Given material =>

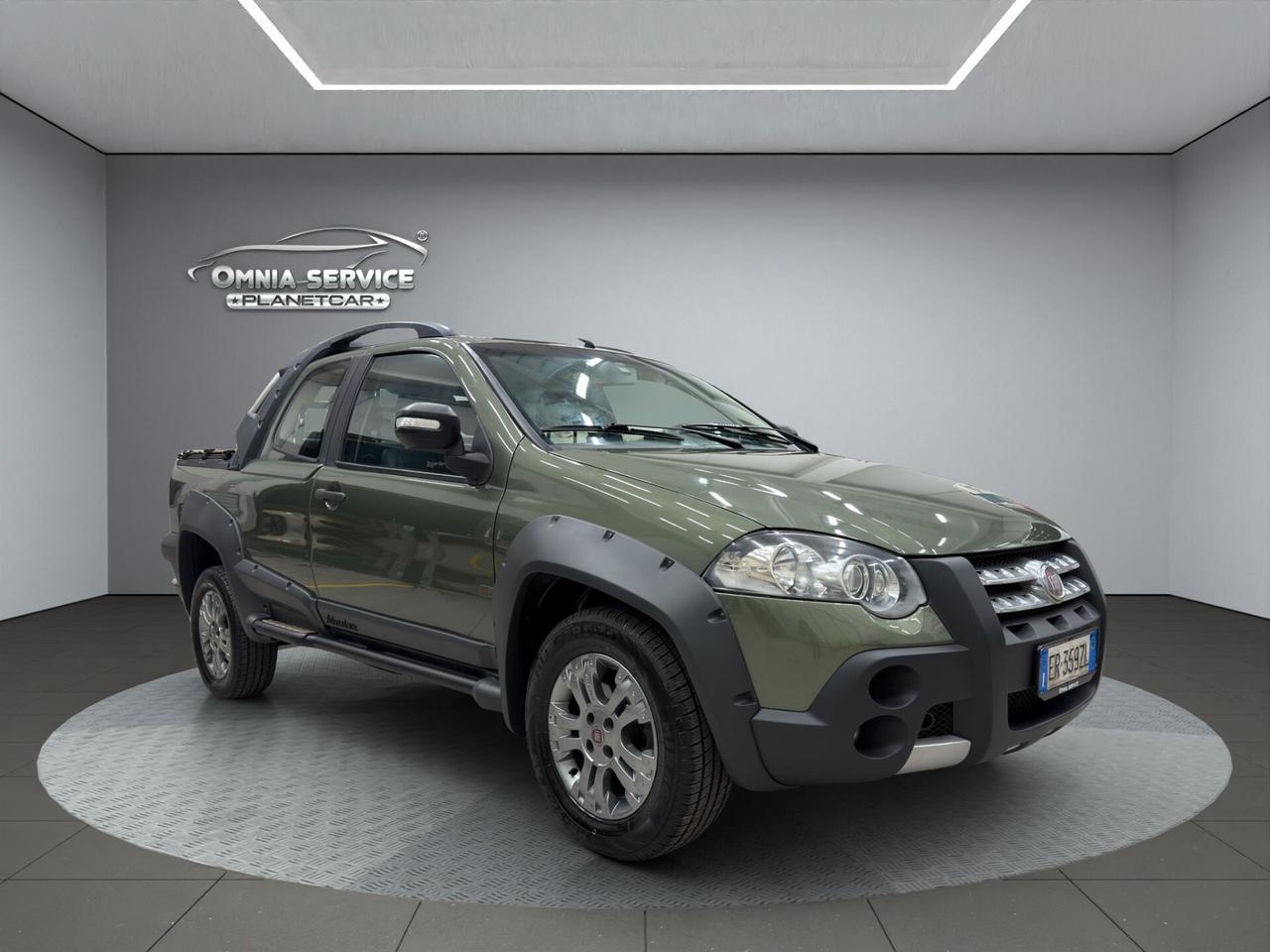 Fiat Strada 1.3 MJT 95CV Pick-up DC Adventure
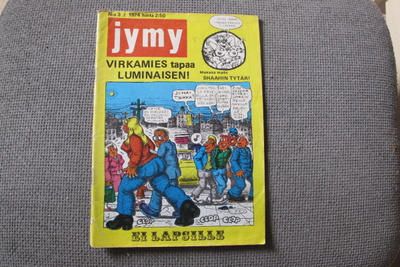 Jymy 3/1974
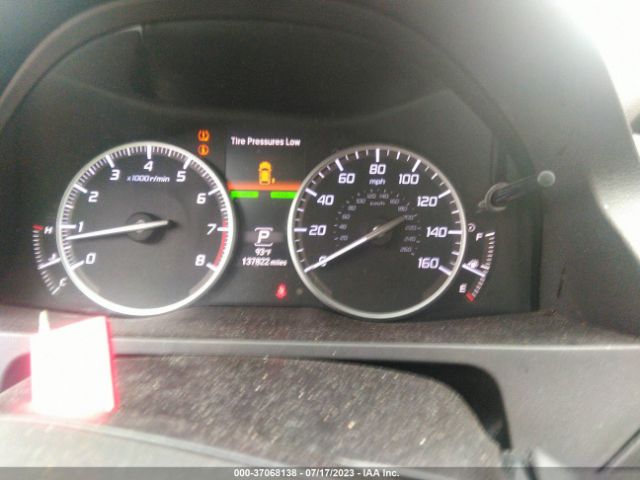 5J8TB4H70GL028312 Acura Rdx Advance Pkg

Exercise directions =>
Every line from the one containing "Jymy 3/1974" to the last line of the material must be returned exactly. Leave out any pictures.

Written answer =>
 Jymy 3/1974
 5J8TB4H70GL028312 Acura Rdx Advance Pkg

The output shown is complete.